If you want to spend some time diving into it that's great! 😎
You can install this new version using npm install linkedin-jobs-scraper@next
.
Let me know if you find something we have to fix to make it working properly 🙃
Great! I will try to test in the next few days and give you an update with the result 😄
Hi @spinlud,
So I tried to work on this today but unfortunately couldn't solve the problem.
I have created a proxy server in AWS EC2 to be sure the problem is not with the local proxy.
I also tried to change the proxy library from puppeteer-page-proxy
to puppeteer-proxy
but got the same result.
This is the log I'm always getting:
scraper:info Env variable LI_AT_COOKIE detected.
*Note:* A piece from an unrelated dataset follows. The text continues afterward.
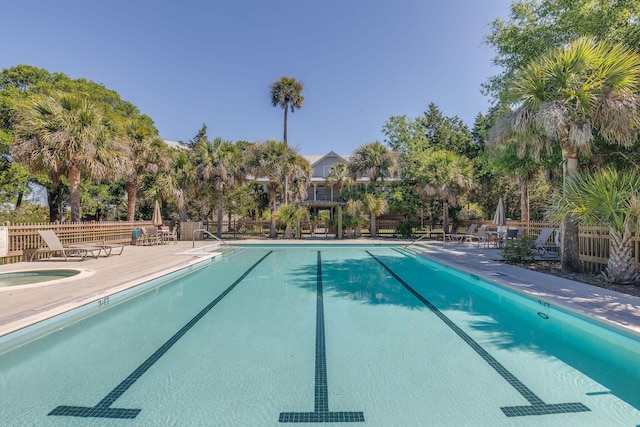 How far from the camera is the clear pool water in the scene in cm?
755

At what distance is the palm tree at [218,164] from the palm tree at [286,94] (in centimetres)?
1381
Using LoggedInRunStrategy +0ms
scraper:info Setting chrome launch options {
headless: false,
args: [
'--enable-automation',
'--start-maximized',
'--window-size=1472,828',
'--lang=en-GB',
'--no-sandbox',
'--disable-setuid-sandbox',
'--disable-gpu',
'--disable-dev-shm-usage',
'--no-sandbox',
'--disable-setuid-sandbox',
'--disable-dev-shm-usage',
"--proxy-server='direct://",
'--proxy-bypass-list=*',
'--disable-accelerated-2d-canvas',
'--disable-gpu',
'--allow-running-insecure-content',
'--disable-web-security',
'--disable-client-side-phishing-detection',
'--disable-notifications',
'--mute-audio',
'--lang=en-GB'
],
defaultViewport: null,
pipe: true,
slowMo: 100,
proxies: [ 'http://18.193.119.8:9876' ]
} +3ms
scraper:info [ ][Israel] Starting new query: query=" " location="Israel" +802ms
scraper:info [ ][Israel] Query options { locations: [ 'Israel' ], limit: 10000, optimize: true } +0ms
scraper:info Setting authentication cookie +4s
scraper:info [ ][Israel] Opening https://www.linkedin.com/jobs/search?keywords=+&location=Israel&redirect=false&position=1&pageNum=0 +214ms
scraper:warn [ ][Israel] 400 Error for request https://www.linkedin.com/homepage-guest/api/ingraphs/gauge?csrfToken=ajax%3A7235276711670027529 +0ms
scraper:info [ ][Israel] Session is valid +10s
scraper:info [ ][Israel] Jobs fetched: 7 +111ms
scraper:error [ ][Israel][1] Timeout on loading job details +0ms
scraper:error [ ][Israel][1] Timeout on loading job details +5s
scraper:error [ ][Israel][1] Timeout on loading job details +5s
scraper:error [ ][Israel][1] Timeout on loading job details +5s
scraper:error [ ][Israel][1] Timeout on loading job details +5s
scraper:error [ ][Israel][1] Timeout on loading job details +5s
scraper:error [ ][Israel][1] Timeout on loading job details +5s
scraper:info [ ][Israel][1] Pagination requested (2) +32s
scraper:info [ ][Israel][1] Timeout on loading more jobs +2s
scraper:info [ ][Israel][1] There are no more jobs available for the current query +1ms
All done!
And these are the logs from the proxy server:
Anyway thanks for the effort, sorry for not be able to solve this issue 😅
Ehi, thanks anyway for trying! It probably requires more time to investigate. I am very busy right now but in case of any update on the matter I'll let you know! 😎
Hi @spinlud 😄 What do you think about the option to add a proxy? I saw this library or: https://github.com/Cuadrix/puppeteer-page-proxy for adding a proxy per page/request.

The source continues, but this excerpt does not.